**INPUT DATA:**
◇ ◇ ◇
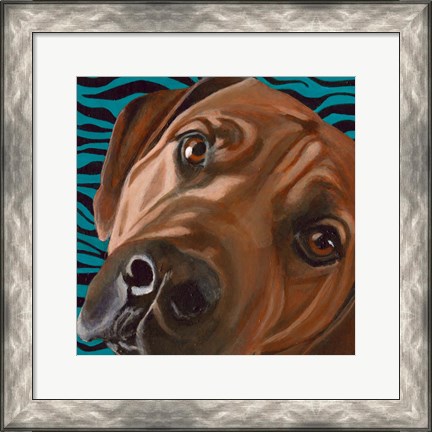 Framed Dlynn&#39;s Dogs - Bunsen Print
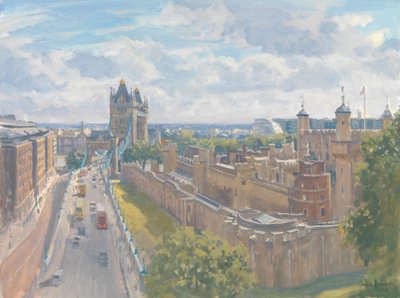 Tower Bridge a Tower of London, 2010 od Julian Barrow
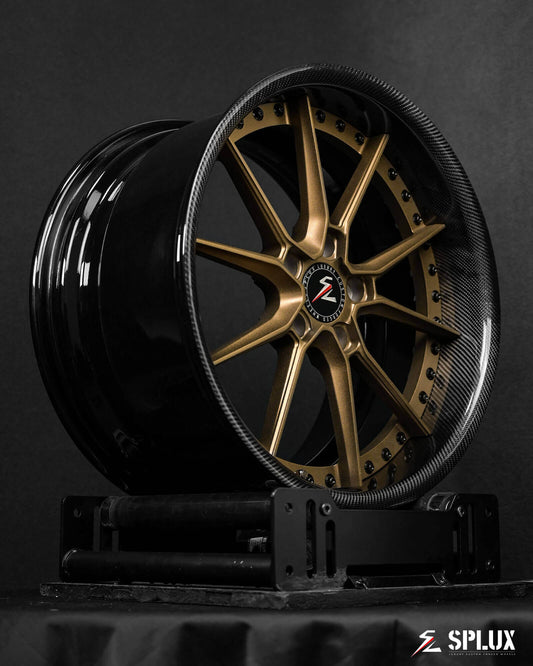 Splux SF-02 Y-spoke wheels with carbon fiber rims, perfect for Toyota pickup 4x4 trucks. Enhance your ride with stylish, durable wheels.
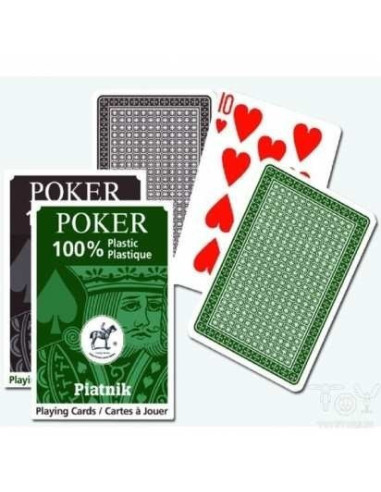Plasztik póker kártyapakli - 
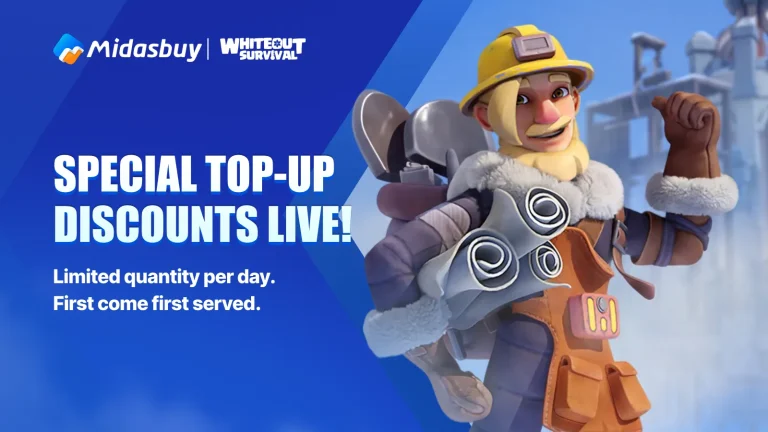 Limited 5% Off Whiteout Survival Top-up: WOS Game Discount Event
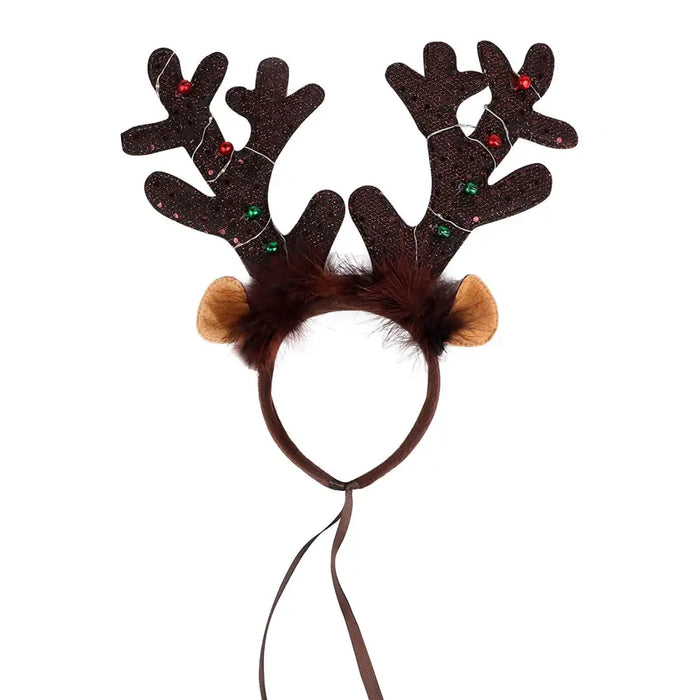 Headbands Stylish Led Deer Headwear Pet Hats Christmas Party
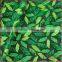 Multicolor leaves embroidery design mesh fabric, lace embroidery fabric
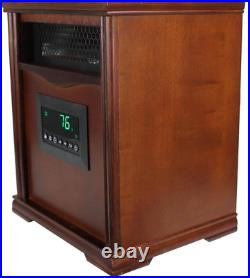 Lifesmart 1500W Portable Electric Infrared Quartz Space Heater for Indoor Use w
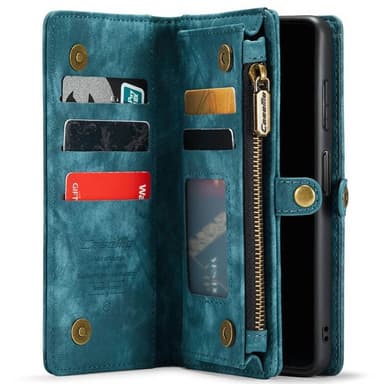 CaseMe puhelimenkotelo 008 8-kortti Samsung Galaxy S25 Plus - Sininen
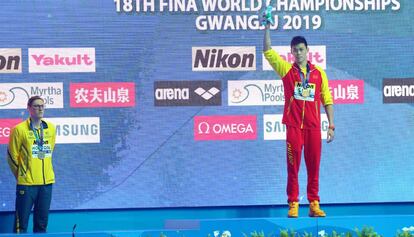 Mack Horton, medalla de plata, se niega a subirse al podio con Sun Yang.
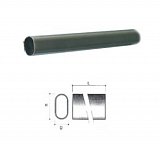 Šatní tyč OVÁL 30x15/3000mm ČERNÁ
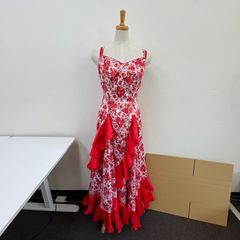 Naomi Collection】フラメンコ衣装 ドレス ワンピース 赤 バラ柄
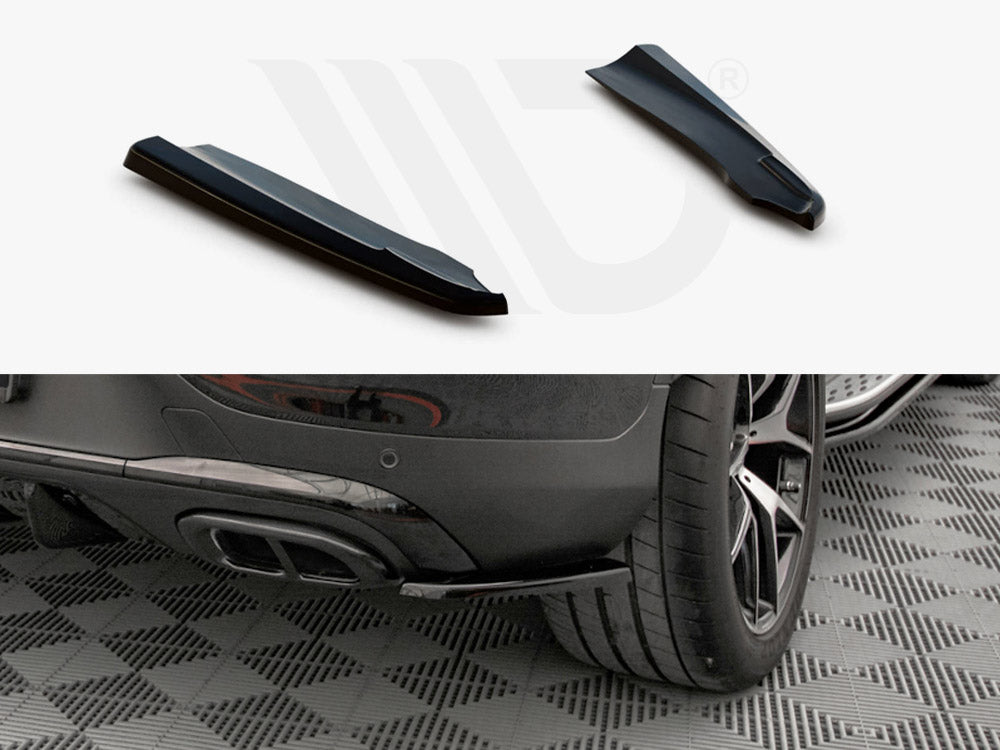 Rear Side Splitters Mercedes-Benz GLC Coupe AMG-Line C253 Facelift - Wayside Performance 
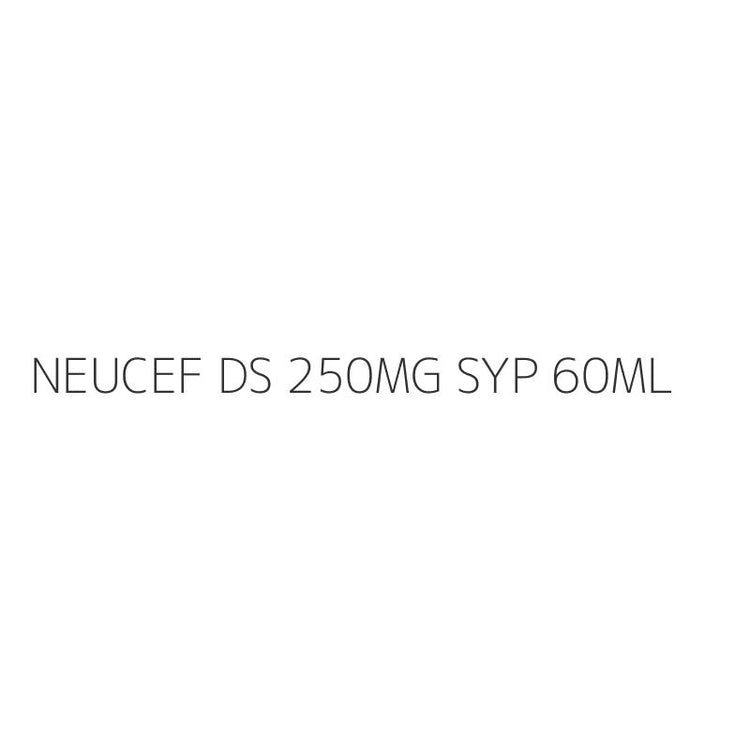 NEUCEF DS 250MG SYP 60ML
◇ ◇ ◇
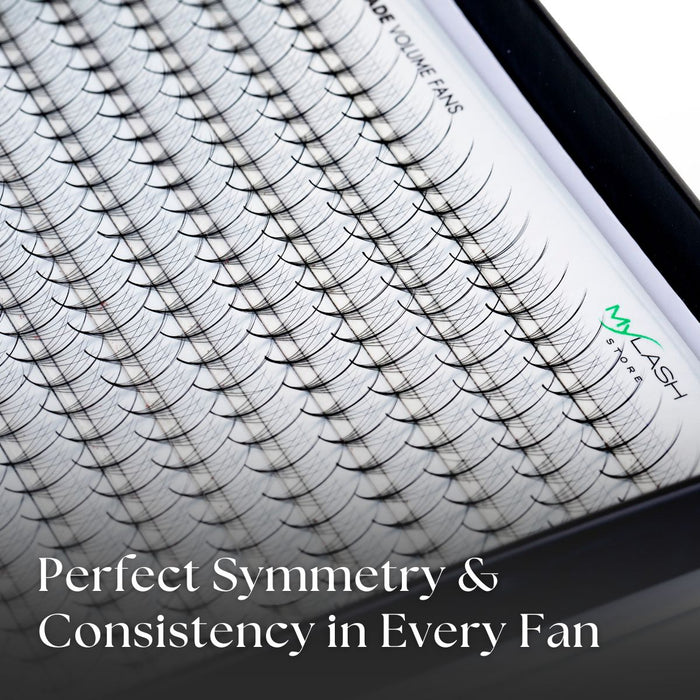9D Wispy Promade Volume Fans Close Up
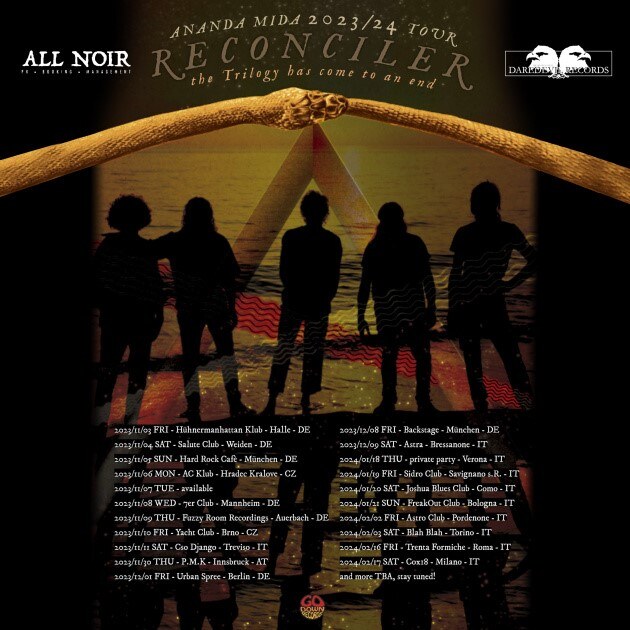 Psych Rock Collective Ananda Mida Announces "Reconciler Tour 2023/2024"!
◇ ◇ ◇
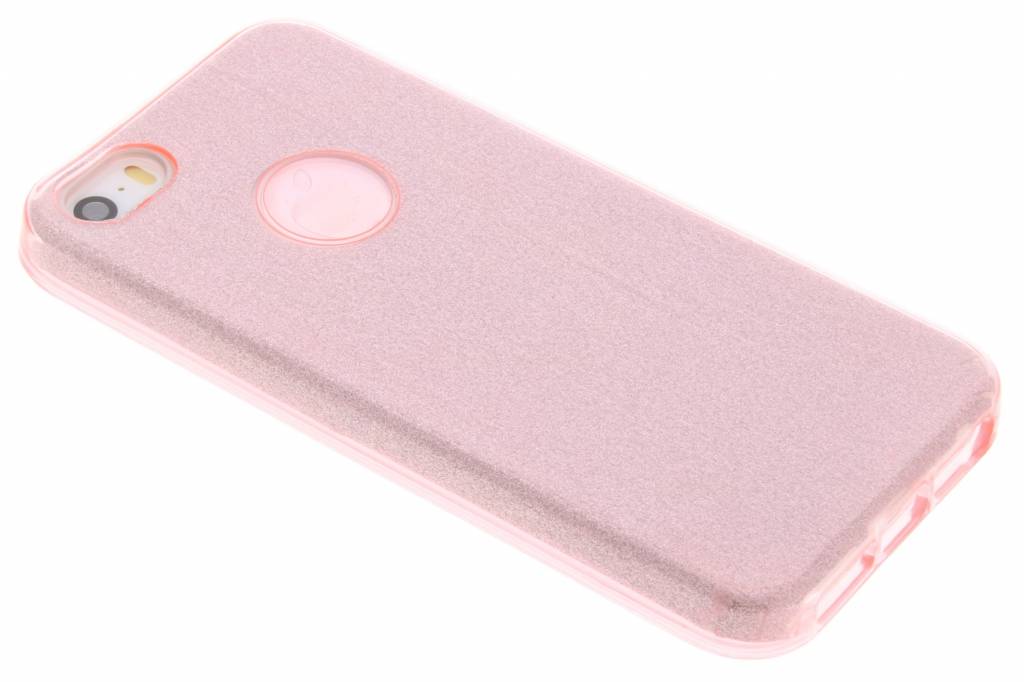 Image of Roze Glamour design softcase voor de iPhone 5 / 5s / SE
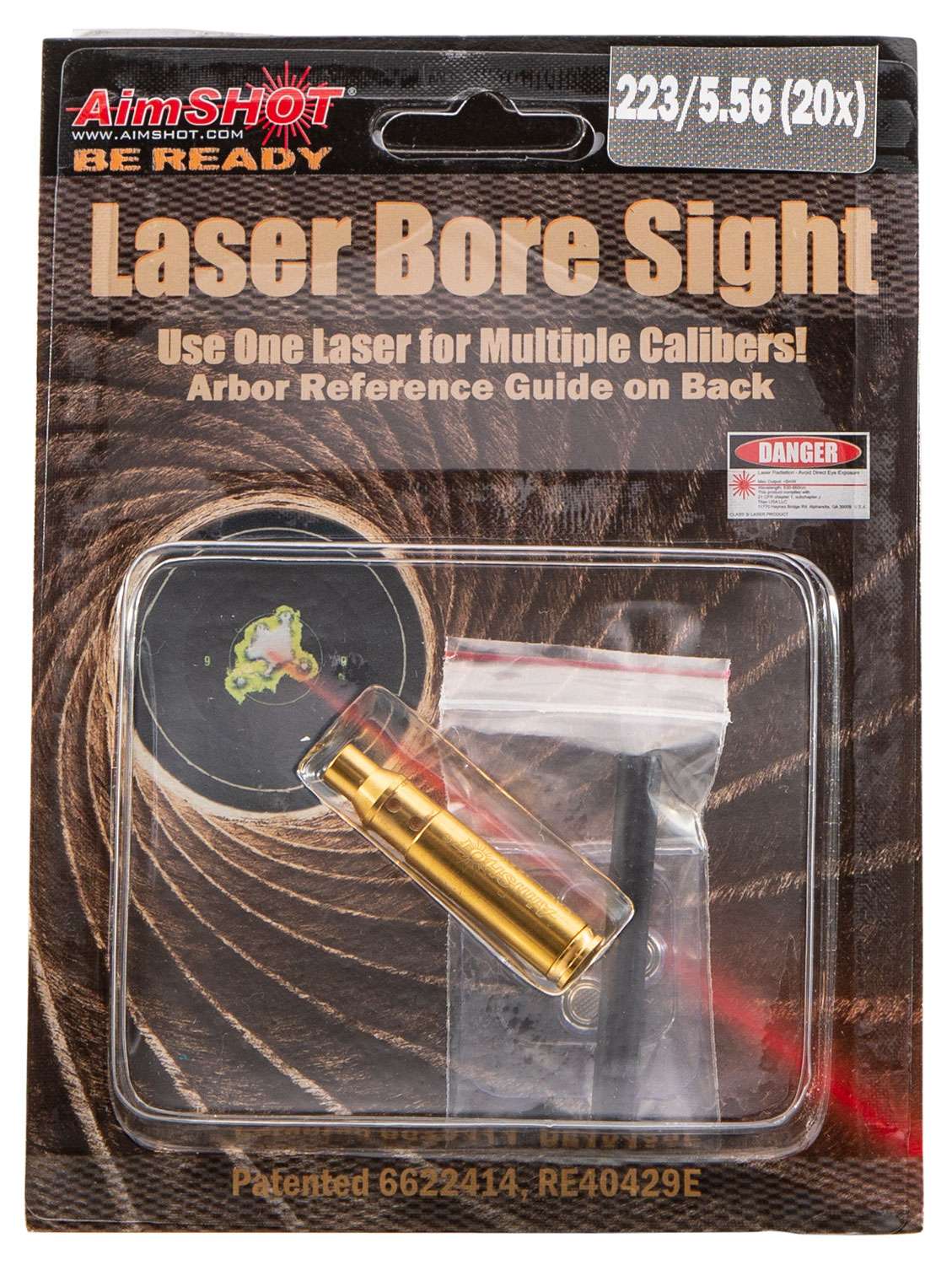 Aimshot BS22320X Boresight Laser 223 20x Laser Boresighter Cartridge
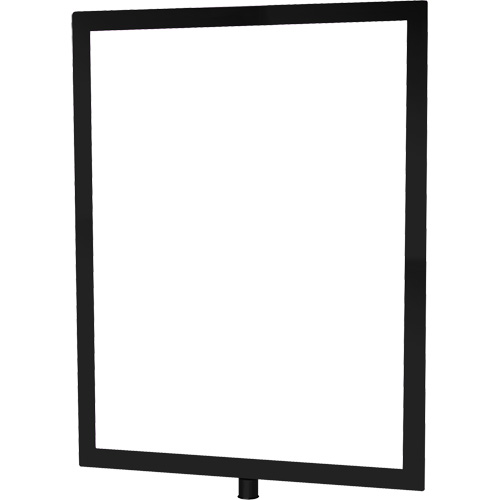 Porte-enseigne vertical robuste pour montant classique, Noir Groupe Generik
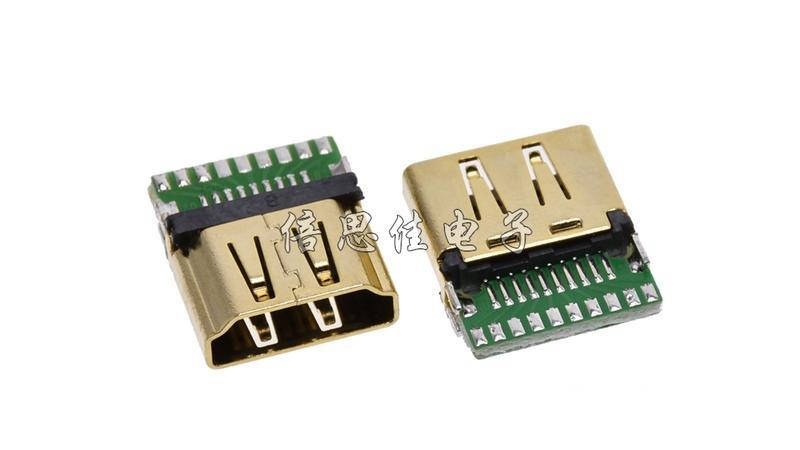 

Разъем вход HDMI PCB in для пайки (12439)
◇ ◇ ◇
**WORK TO BE COMPLETED:**
Return the material from the line containing "CaseMe puhelimenkotelo 008" through the line containing "Rear Side Splitters", exactly and in full, but without its pictures.

**SOLUTION TO THIS TASK:**
 CaseMe puhelimenkotelo 008 8-kortti Samsung Galaxy S25 Plus - Sininen
 Mack Horton, medalla de plata, se niega a subirse al podio con Sun Yang.
 Šatní tyč OVÁL 30x15/3000mm ČERNÁ
 Naomi Collection】フラメンコ衣装 ドレス ワンピース 赤 バラ柄
 Rear Side Splitters Mercedes-Benz GLC Coupe AMG-Line C253 Facelift - Wayside Performance 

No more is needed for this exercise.